05.10.07 - ICTR/RUKUNDO - ABBOT EMMANUEL RUKUNDO TESTIFIES IN HIS OWN DEFENCE

Arusha, 5 October 2007 (FH) - Abbot Emmanuel Rukundo began Friday his testimony in his own defence before the International Criminal Tribunal for Rwanda (ICTR) which is trying him for genocide, assassination and extermination, noted the Hirondelle agency.   
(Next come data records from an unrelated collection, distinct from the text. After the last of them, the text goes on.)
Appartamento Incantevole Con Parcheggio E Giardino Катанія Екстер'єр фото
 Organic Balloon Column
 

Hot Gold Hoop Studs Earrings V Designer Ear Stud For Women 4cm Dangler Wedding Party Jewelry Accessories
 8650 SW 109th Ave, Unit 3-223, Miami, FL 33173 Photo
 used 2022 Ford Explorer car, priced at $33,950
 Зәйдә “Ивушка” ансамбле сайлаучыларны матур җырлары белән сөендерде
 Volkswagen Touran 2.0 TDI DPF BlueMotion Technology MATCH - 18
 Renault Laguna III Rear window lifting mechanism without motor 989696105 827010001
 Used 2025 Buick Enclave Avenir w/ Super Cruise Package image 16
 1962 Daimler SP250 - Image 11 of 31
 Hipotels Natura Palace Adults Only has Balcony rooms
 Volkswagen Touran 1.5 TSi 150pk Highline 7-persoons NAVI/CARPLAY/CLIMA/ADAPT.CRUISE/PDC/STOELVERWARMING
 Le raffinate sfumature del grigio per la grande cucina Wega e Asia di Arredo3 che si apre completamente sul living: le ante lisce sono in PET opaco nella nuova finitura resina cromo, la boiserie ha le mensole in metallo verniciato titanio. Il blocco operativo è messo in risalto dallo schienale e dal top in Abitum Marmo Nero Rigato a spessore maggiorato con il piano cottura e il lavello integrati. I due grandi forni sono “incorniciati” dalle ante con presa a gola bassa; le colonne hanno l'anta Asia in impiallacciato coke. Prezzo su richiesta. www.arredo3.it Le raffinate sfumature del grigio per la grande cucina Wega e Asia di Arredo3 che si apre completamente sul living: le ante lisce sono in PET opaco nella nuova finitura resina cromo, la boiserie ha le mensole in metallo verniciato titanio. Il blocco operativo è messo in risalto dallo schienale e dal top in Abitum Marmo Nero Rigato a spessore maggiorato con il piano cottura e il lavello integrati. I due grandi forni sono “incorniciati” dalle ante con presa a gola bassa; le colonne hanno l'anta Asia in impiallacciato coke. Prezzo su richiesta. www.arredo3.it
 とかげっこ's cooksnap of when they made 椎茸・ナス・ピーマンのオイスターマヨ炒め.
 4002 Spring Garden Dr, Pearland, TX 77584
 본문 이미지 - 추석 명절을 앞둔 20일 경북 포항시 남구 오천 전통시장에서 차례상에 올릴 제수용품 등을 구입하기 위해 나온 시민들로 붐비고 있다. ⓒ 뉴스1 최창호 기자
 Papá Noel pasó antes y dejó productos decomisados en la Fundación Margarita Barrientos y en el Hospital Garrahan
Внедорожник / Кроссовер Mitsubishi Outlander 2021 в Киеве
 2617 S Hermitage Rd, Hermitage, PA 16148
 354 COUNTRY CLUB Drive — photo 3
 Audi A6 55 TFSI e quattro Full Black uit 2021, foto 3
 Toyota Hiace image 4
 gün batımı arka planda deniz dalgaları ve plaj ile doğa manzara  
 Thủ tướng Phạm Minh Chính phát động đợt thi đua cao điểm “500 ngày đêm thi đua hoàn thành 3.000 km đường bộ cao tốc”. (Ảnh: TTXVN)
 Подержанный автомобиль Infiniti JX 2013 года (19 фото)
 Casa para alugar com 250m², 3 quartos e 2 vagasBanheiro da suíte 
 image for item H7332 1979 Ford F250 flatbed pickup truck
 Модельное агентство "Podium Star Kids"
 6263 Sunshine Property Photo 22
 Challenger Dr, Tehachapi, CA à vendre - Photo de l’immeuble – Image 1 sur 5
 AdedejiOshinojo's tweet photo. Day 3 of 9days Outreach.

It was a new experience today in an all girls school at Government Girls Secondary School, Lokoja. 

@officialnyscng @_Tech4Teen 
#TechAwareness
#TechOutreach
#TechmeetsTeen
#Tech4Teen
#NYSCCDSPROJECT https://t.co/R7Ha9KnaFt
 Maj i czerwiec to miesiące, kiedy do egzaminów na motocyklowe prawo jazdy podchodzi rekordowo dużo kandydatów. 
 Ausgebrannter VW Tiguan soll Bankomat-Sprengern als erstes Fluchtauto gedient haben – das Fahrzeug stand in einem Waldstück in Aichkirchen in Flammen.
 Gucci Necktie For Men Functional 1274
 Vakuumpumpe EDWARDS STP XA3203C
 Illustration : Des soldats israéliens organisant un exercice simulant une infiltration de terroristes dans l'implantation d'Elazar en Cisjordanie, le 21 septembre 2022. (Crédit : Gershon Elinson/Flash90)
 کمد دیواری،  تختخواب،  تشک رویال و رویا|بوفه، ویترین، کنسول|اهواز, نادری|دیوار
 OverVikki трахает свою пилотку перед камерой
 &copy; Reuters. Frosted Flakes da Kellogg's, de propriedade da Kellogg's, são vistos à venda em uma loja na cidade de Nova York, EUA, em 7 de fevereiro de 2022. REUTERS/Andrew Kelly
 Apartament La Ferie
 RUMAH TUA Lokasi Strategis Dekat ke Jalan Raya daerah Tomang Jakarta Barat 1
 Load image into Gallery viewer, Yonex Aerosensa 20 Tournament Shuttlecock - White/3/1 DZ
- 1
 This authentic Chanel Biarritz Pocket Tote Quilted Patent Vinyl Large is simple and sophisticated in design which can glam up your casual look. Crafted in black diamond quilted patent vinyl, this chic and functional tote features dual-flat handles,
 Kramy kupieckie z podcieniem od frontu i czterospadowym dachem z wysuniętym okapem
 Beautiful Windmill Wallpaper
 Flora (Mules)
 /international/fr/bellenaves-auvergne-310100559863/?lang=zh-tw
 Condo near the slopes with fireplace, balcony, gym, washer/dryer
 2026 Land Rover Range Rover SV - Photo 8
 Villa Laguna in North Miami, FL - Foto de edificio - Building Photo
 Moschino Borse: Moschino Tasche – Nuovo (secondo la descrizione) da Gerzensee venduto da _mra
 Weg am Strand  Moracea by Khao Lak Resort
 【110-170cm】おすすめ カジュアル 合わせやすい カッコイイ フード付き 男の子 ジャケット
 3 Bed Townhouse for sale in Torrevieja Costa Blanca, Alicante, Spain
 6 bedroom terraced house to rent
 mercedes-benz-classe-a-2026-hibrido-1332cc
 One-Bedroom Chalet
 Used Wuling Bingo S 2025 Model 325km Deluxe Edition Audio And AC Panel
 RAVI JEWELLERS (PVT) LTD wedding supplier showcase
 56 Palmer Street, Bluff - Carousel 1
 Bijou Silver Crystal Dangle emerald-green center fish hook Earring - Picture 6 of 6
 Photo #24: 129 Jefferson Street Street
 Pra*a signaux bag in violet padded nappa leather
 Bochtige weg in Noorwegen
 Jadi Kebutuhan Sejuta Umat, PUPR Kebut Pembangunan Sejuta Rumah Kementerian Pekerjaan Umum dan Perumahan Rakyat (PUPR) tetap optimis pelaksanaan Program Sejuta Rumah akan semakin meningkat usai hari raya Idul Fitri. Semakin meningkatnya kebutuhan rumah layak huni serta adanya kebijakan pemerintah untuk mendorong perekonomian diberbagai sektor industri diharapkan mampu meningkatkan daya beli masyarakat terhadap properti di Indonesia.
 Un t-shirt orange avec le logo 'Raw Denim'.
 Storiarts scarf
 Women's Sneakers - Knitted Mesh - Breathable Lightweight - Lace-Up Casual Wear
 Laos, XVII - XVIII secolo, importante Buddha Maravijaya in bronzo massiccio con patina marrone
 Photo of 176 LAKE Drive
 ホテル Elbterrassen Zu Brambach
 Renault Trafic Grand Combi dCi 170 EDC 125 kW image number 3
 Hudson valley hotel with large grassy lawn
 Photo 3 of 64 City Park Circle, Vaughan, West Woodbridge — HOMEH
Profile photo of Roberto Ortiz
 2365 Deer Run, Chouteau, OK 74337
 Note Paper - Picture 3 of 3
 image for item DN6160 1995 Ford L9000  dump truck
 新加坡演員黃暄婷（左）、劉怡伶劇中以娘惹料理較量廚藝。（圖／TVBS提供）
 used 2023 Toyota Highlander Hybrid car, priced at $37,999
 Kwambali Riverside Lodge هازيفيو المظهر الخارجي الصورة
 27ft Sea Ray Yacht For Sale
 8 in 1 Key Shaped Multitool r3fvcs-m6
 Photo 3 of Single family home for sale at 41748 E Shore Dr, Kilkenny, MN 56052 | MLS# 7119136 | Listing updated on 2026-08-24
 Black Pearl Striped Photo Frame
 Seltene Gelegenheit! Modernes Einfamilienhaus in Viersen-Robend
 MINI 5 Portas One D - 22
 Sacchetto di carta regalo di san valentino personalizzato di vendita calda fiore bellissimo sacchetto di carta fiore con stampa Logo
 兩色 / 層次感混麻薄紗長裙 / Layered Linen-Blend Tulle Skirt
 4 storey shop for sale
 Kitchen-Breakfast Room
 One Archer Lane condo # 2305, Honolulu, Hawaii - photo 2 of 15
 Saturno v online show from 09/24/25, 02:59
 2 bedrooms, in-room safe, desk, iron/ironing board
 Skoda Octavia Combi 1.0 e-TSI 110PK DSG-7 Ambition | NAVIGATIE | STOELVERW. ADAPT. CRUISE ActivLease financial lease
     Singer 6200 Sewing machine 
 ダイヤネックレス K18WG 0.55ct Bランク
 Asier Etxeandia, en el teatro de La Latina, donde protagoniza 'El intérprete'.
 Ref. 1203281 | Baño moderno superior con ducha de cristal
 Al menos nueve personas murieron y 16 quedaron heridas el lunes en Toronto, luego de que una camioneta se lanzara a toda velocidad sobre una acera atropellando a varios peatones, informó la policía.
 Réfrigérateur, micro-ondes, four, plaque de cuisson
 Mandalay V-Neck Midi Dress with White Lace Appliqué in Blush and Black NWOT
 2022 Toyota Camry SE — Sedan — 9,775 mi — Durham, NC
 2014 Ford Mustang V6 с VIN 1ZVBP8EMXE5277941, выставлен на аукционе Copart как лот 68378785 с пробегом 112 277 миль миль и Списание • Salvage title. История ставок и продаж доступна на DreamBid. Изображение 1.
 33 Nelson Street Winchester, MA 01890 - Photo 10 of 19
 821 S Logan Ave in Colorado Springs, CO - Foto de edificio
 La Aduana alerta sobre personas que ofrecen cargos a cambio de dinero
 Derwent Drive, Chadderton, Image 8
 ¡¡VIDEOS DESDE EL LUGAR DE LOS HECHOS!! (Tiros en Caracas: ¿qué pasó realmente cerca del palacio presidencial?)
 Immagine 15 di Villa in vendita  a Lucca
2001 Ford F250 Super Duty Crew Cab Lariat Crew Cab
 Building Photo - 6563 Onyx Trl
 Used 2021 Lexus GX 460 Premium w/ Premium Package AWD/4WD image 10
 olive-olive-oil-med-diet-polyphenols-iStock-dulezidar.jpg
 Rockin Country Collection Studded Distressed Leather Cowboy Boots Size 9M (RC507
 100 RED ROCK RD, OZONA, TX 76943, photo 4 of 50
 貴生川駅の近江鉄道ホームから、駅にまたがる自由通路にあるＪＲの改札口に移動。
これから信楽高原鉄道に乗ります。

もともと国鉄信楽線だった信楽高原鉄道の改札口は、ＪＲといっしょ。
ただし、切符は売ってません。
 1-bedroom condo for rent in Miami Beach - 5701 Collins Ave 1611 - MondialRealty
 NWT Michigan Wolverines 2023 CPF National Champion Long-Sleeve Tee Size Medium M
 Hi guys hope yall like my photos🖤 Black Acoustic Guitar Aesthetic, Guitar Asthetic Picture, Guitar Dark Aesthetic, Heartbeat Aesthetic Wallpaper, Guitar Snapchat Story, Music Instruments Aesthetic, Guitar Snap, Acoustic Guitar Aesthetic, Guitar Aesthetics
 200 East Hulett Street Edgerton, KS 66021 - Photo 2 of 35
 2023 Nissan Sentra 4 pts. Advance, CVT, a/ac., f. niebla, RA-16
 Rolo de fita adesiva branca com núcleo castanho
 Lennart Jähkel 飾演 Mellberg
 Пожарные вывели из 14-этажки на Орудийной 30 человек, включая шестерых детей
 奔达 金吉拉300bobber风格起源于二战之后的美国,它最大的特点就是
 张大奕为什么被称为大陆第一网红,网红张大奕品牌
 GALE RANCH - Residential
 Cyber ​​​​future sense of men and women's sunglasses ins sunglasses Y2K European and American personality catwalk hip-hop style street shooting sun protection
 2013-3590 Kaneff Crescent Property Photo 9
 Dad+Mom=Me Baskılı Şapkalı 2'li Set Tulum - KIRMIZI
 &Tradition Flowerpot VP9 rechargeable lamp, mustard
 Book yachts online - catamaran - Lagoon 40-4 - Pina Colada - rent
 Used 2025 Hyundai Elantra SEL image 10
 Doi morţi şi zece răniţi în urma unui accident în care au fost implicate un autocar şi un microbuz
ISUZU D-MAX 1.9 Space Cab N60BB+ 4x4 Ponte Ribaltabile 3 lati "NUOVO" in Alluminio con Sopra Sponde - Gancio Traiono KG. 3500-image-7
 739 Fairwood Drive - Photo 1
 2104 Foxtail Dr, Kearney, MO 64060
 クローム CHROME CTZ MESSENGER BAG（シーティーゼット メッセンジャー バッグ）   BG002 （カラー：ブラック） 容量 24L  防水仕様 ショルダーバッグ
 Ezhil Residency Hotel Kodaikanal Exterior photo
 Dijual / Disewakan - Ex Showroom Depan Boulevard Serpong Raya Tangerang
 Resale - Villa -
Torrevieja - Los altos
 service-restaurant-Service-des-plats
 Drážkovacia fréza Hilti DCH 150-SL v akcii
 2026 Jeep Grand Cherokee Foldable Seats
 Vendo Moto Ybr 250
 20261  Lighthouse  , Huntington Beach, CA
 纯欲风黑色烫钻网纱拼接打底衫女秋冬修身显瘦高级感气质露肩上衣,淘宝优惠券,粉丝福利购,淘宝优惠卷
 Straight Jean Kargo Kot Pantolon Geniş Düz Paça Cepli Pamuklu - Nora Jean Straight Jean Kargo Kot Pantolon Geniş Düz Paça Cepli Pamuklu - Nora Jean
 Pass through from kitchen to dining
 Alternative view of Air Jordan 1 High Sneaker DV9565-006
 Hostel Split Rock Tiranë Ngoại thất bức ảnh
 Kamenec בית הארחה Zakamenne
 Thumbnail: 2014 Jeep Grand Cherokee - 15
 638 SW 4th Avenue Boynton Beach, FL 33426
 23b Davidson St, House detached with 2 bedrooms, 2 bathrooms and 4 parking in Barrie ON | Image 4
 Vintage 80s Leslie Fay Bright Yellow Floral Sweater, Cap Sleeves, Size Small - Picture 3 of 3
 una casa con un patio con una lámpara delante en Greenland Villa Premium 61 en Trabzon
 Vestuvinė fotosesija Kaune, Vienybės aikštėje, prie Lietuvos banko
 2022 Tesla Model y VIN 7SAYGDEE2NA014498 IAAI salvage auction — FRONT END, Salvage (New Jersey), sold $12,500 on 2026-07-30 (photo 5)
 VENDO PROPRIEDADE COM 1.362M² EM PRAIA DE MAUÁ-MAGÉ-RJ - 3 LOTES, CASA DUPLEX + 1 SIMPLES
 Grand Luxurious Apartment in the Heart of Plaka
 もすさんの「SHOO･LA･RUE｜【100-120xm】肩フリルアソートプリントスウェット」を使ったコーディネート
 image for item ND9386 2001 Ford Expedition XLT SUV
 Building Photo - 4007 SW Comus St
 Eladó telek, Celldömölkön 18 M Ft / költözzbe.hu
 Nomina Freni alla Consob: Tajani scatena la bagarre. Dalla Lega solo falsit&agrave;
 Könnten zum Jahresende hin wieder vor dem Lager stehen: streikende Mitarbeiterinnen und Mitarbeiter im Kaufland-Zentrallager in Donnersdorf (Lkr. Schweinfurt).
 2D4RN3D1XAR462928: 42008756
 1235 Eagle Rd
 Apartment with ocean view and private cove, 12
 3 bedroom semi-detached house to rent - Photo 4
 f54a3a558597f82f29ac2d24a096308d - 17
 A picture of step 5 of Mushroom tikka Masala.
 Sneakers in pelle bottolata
1 min 36Approximate reading time

Right off the start, the former military chaplain, 48, defended himself of being "a notorious extremist", hating Tutsis from an early age. His family, he explained, comes from the two sides.
 
He affirmed that from elementary school to his ordination in July 1991, while passing by the seminary, he always had very good friends among his Tutsi colleagues.
 
He stated that the attack of the Rwandan Patriotic Front (RPF) on 1 October 1990, as he was a student at the Seminary of Nyakibanda, in the south of the country, had not changed his relationship with his Tutsi friends of this catholic establishment.
 
"I maintained the same friendships. They had their opinions (on the war), I had mine. Divergence of opinions is a normal thing ", testified the catholic priest.
 
He explained that for him, the war started by the RPF was not justified whereas it appeared legitimate for the Tutsi priests of the seminary.
 
But he refuted the allegations according to which the brilliant composer that he was ever produced songs renting the courage and bravery of the Rwandan Armed Forces (RAF), the governmental army of the time.
 
"My repertory only included liturgical fields", he insisted on the first day of a testimony which promises to be long due, in particular, to his many digressions.
 
Rukundo affirmed that he had been fascinated since his childhood by the priesthood and that he had been encouraged, in that, by his father who always prayed that at least one of his children "would devote themselves to God".
 
Originating from Gitarama, in central Rwanda, he is being detained with two other catholic priests, Athanase Seromba and Hormisdas Nsengimana.
 
This latter is still on trial like Rukundo while Seromba was sentenced to 15 years in prison in first instance.
 
The highest ranking ecclesiastical person ever arrested by the ICTR, Anglican Bishop Samuel Musabyimana, died in detention in 2003, before the opening of his trial.
 
Adventist Pasteur Elisaphan Ntakirutimana, the first clergyman tried by the ICTR, died after a long illness at the beginning of the year, only a few weeks after having served his 10 years prison sentence.
 
Based in Arusha, in the northern Tanzania, the ICTR has pronounced, up to date, 28 convictions and 5 acquittals.